Our next question comes from the line of Gil Blum of Needham & Company.

E
Ethan Markowski
analyst

This is Ethan on for Gil. Just wondering, in your view, if there are any clinical results, let's say, in B-cell lymphoma that would potentially gate FT522 for moving forward into autoimmune indications? And then for a second question, and I just missed this, but are you still expecting to have data for FT576 in multiple myeloma in the first half of this year.

J
J. Wolchko
executive

Yes. For 576, we'll give an update when we complete the dose cohort at 2.5 billion cell x 3 doses. And so we're looking at both Regimen A as a monotherapy and Regimen B in combination with CD38 targeted mAb.
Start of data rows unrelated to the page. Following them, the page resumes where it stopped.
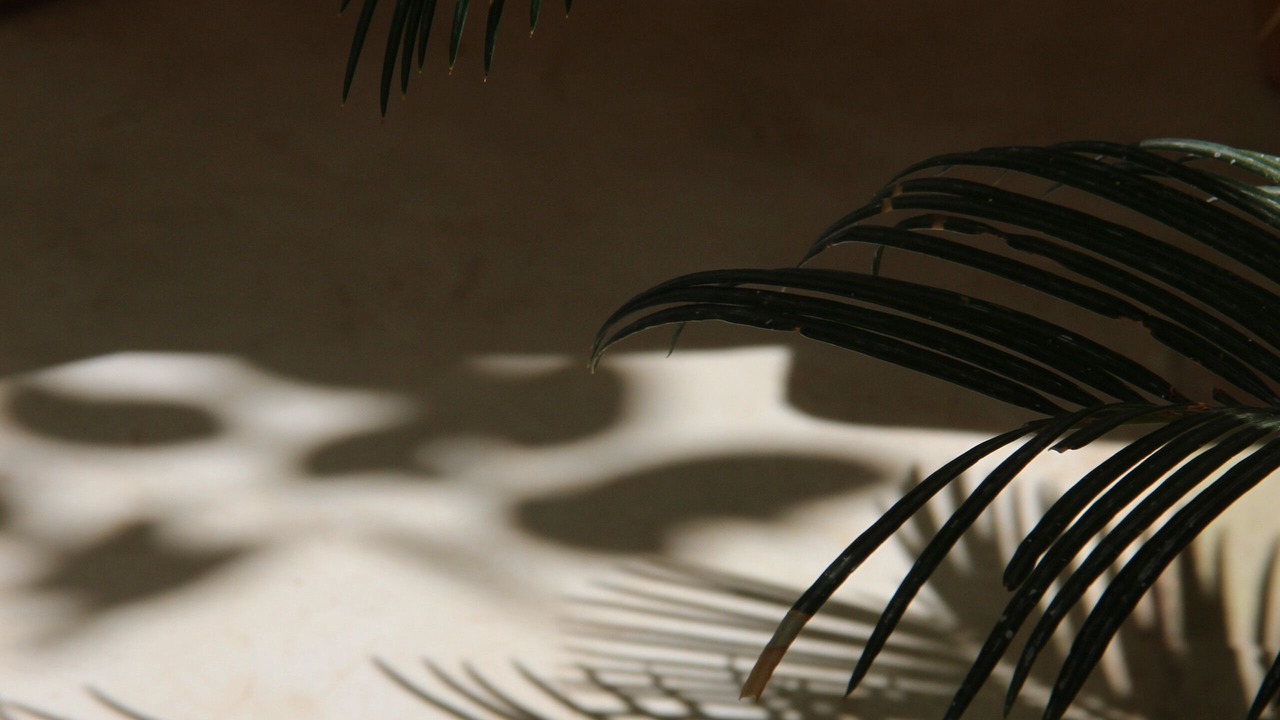Photo of Patio Balcony in Zaouia Sidi Rhalem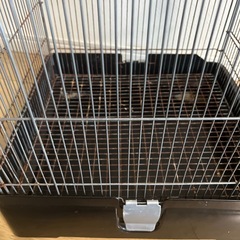 イージーホーム37 小動物の画像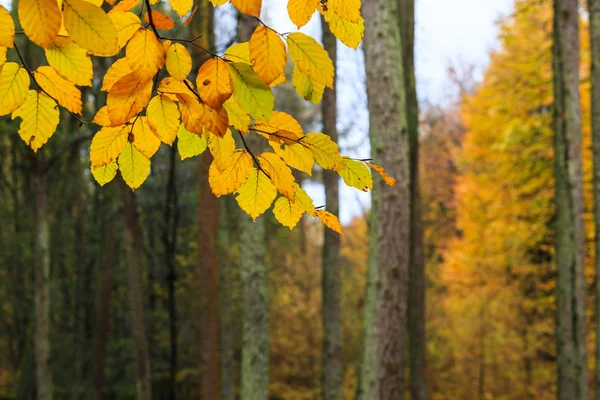 Hermosas hojas coloridas de otoño en un bosque — Foto de Stock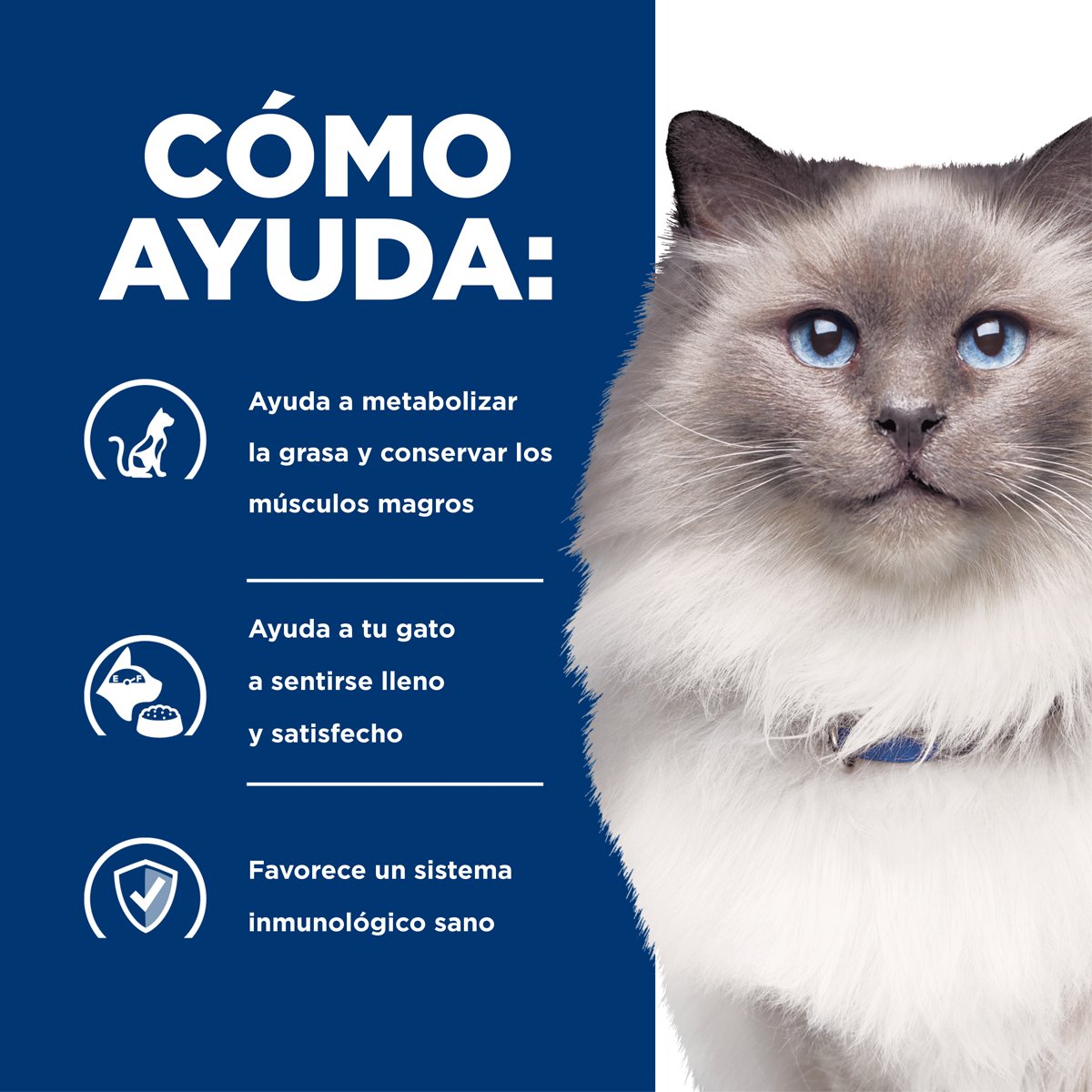 Alimento Hill's Prescription Diet r/d Reducción de Peso Para Gato 3.9kg (Bajo pedido)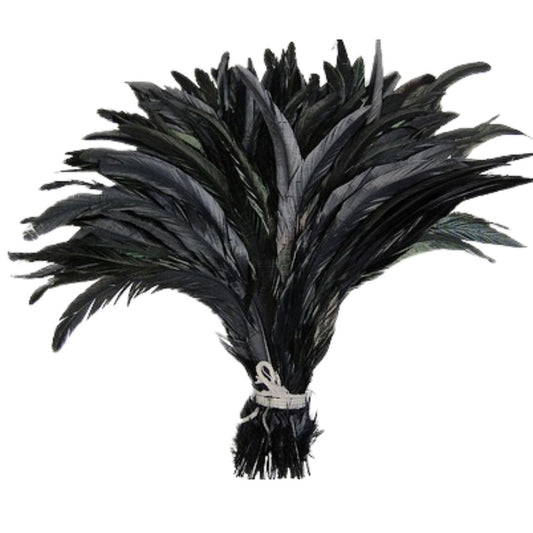 Black feathers tied in a bundle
When we complete that cohort with respect to responses, we'll give an update on the 1 billion cell cohort as well as the 2.5 billion cell cohort. I suspect that will be sometime in the middle of this year based on where we are currently in that study. As it relates to NK cells moving into autoimmunity or FT522 specifically, certainly excited by the potential for NK cells in autoimmunity. As I sort of mentioned before, we've seen, including with multi-dose regimens, super clean safety profiles across our entire class of NK cell therapies, whether that be in hematologic malignancies or solid tumors. We've been able to deliver NK cells in the outpatient setting in the community. And so I think that bodes very well for our potential to differentiate and reach patients with autoimmunity outside of the academic medical centers.

Operator

I would now like to turn the conference back to Scott Wolchko for closing remarks. Sir?

J
J. Wolchko
executive

Thank you. And thank you, everyone, for all your great questions today. Look forward to seeing you in the near future. Be well.

Operator

This concludes today's conference call. Thank you for participating. You may now disconnect.